** Stored data **
++++

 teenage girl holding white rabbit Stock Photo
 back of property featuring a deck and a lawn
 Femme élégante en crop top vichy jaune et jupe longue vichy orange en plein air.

++++

The whole block of data above should be printed again verbatim.

** Result of this task **
 teenage girl holding white rabbit Stock Photo
 back of property featuring a deck and a lawn
 Femme élégante en crop top vichy jaune et jupe longue vichy orange en plein air.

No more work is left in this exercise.